To be relevant I also think a modern collection would include heterogeneous media: blogs, twitter updates, newswire content, user-generated content on Flickr and Youtube, and broadcast media.

By: Search geek weekly news update; Google social search leads the way | Search Engine Journal

Tue, 03 Nov 2009 15:36:07 +0000

[…] Tomorrow’s Data – IR Gupf […]

By: dinesh vadhia

dinesh vadhia — Tue, 03 Nov 2009 13:39:16 +0000

@jeremy
Really pleased you’ve picked up on Jeff’s note which as you say is a very compelling thought. It’s been bouncing around in my head for a week or so. I don’t have much to add except this which is both sort of related and the funniest thing ever (or not!).

I’m constantly looking for interesting and quality publicly available data to build demos to showcase our technology. I heard about a really cool data set from a vendor (who shall definitely remain unnamed) who makes the data available for free under license to Universities, so that eliminated us.
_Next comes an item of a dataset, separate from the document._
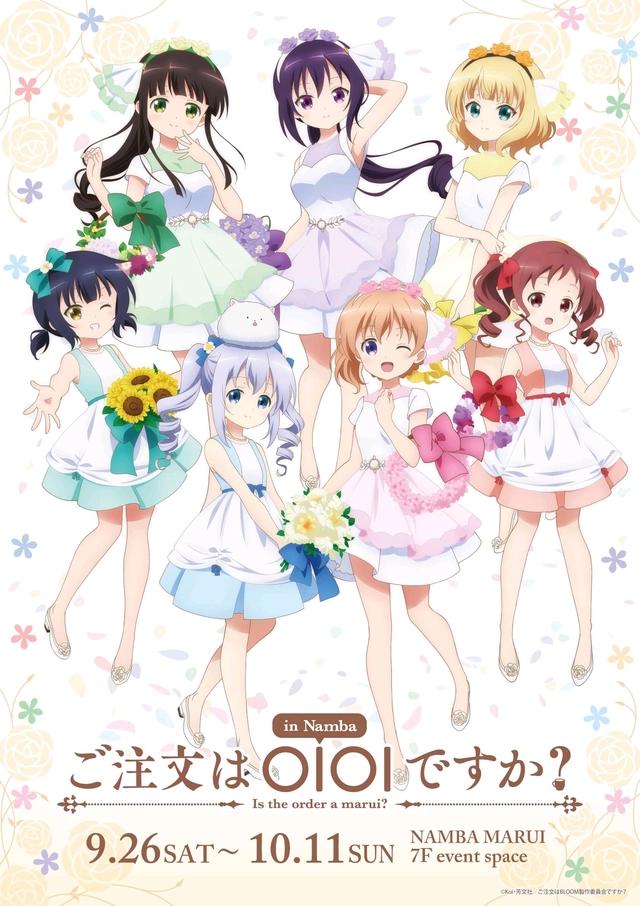 「动漫壁纸」点兔壁纸合集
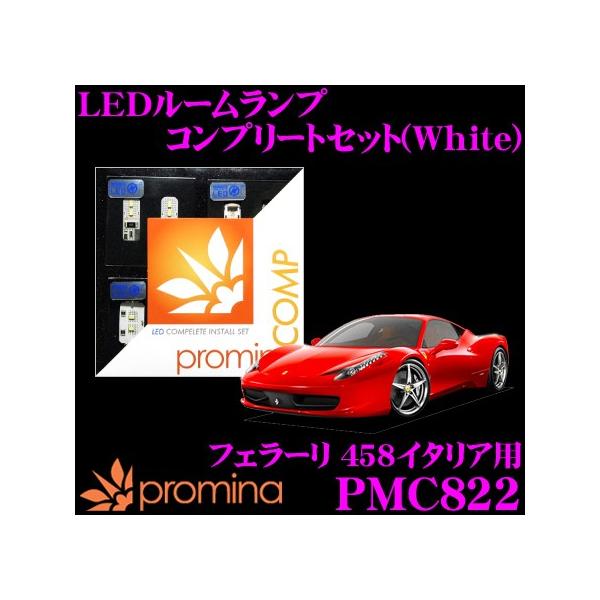 promina COMP プロミナコンプ PMC822 LEDルームランプ コンプリートセット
Anyway, the license stipulated that any technology developed with the data the vendor had the right to license the technology.

I can understand Netflix mandating rights to the IP from the Netflix Prize winner but this is so absurd that I did fall over backwards!

By: jeremy

jeremy — Mon, 02 Nov 2009 17:51:34 +0000

In reply to Jeff.

Well, I think I would draw a distinction between “collections” and “data”. The collection (AP/WSJ/FBIS/CR/etc.) is only a subset of the overall data, which data also includes (1) the statements of user information need or the task that the user is trying to accomplish, and (2) the judgments of relevance to that information need, and (3) the evaluation criterion/metric that makes quantitative pronouncements of value on retrieval results, utilizing the aforementioned judgments. Those three things, taken together as a bundle, constitute the “data” of yesterday and today’s retrieval experiments.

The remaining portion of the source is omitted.